Jimmy Page, Aleister Crowley and the curse of Eddie And The Hot Rods

For the full story of the curse of “Do Anything You Wanna Do”, see my interview with the band in this month’s issue of Uncut magazine. 

It’s easy to turn your nose up at any mention of Aleister Crowley, especially if you have little interest in the occult and esoteric world in which he thrived. But to do so means ignoring the man’s often brilliant writing – his Diary of A Drug Fiend is a superior pulp classic, for instance – and also missing out on some of the greatest anecdotes of the 20th century.

For the uninitiated, Crowley (1875–1947) was a British writer who used sex, drugs and magic –often simultaneously – to try to attain altered states of mind and who achieved such a level of notoriety for his activities that he was brandished the ‘wickedest man in the world’. If not wicked, he was certainly a character. As well as signing his letters ‘666’ and conducting numerous affairs with lovers of both sexes, he climbed mountains, wrote pornographic poetry, fraternised with novelists, artists and spies and attempted to write a new American national anthem.

To give a flavour of Crowley’s often bizarre intersections with normal society, in the early days of the Second World War he was tapped up by British intelligence officer Ian Fleming, who asked him to take part in an ‘occult disinformation plot’ against Adolf Hitler’s deputy Rudolf Hess, a fervent believer in astrology and the occult. Crowley was keen, but the plot was ultimately shelved; Fleming, however, later used Crowley as the model for villain Le Chiffre in his first James Bond novel, Casino Royale, in 1953. Another fan of Crowley was Scientology founder L Ron Hubbard. It is claimed Hubbard took part in ‘sexual magick’ (magick was a term favoured by Crowley) with a couple called Jack and Betty Parsons in an attempting to create a magical child, thus fulfilling a prophecy from Crowley’s The Book Of The Law. Crowley was not impressed, writing in one of his typically entertaining letters: ‘Apparently Parsons or Hubbard or somebody is producing a Moonchild. I get fairly frantic when I contemplate the idiocy of these louts.’

Crowley was bisexual and a heavy drug user, eventually becoming addicted to heroin.
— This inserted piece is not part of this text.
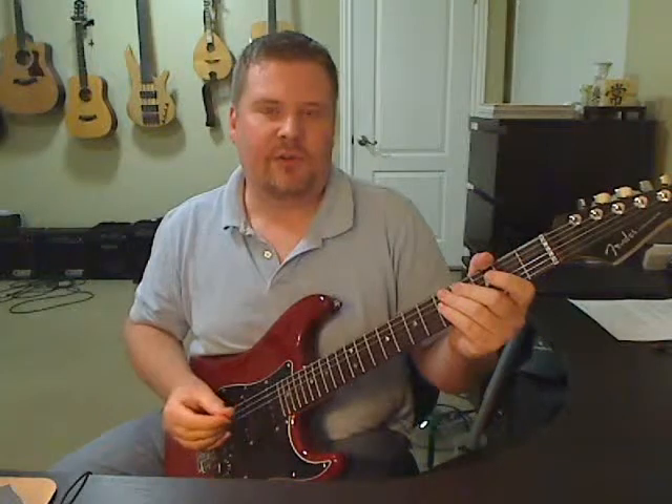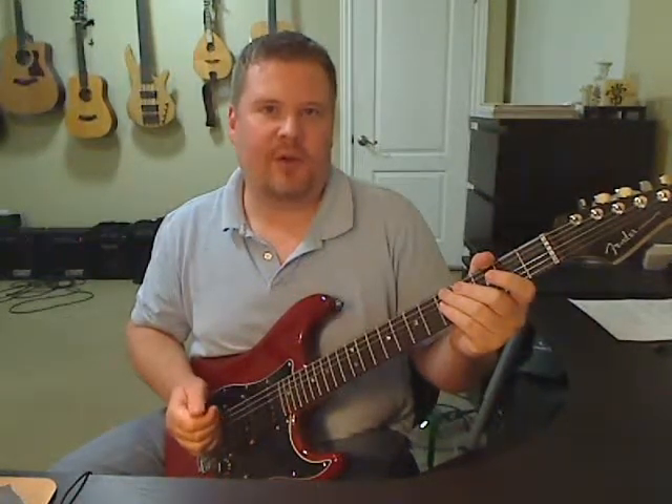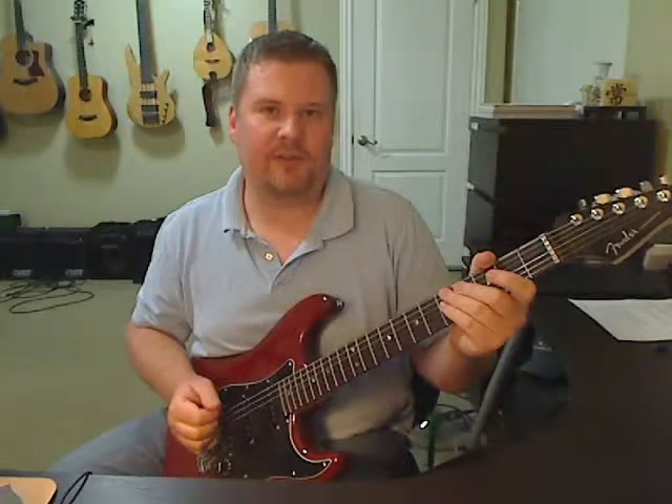7 means 7 beats per measure, and the bottom number 8 means the 8th note gets 1 beat, so you're obviously counting to 7. The problem is 1 through 6 are all one-syllable words, and 7 is a two-syllable word.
He also enjoyed peyote, handing it out at parties. On one occasion in New York he gave some to the novelist Theodore Dreiser, who became uncomfortable and asked if there was a doctor in the area. ‘I don’t know about a doctor,’ said Crowley, ‘But there’s a first-class undertaker on the corner of 33rd and 6th.’

This freeness with sex and drugs saw Crowley embraced by the rock and roll generation, particularly after he appeared on the cover of Sgt Pepper. But the story behind another of Crowley’s cover appearances is not so well known. In 1977, Essex rockers Eddie And The Hot Rod wrote a song that was partly inspired by Crowley’s famous motto: ‘Do what thou wilt is the whole of the law’. The band rewrote this as “Do Anything You Wanna Do”, a spirited ode to self-empowerment, and attached the lyrics to a perky pop tune that quickly reached the Top Ten. It was engineered by a young Steve Lillwhite, who recorded it at Island’s studio in Notting Hill.

In recognition of his contribution to the song’s genesis, the band decided to put Crowley on the cover of the single. But they also felt his glowering visage was not really in the spirit of the band, so manager Ed Hollis (brother of Talk Talk’s Mark) attached a slightly comical pair of Mickey Mouse ears to Crowley’s head.

Great cover, big mistake. According to rumour, this image soon came to the attention of Jimmy Page, a Crowley apostle who lived in the Crowley’s old house, had a vast collection of Crowley paraphernalia and was fascinated by the occult. Page had orchestrated the Crowley-influenced occult symbolism that adored Led Zeppelin’s fourth album, which incidentally was also record at Island Studios.

The band were told that Page placed a curse upon Eddie And The Hot Rods for their disrespectful treatment of the Great Beast. From that moment, the band were plagued by problems. They were dropped by their label, their manager became hooked on heroin and they never bothered the higher reaches of the chart again. From behind his Mickey Mouse ears and with the help of satanic rock royalty, Crowley had got his revenge. As bassist Paul Gray told me, ‘Weird shit happened after that. A lot of people said we shouldn’t have fucked about with Crowley.’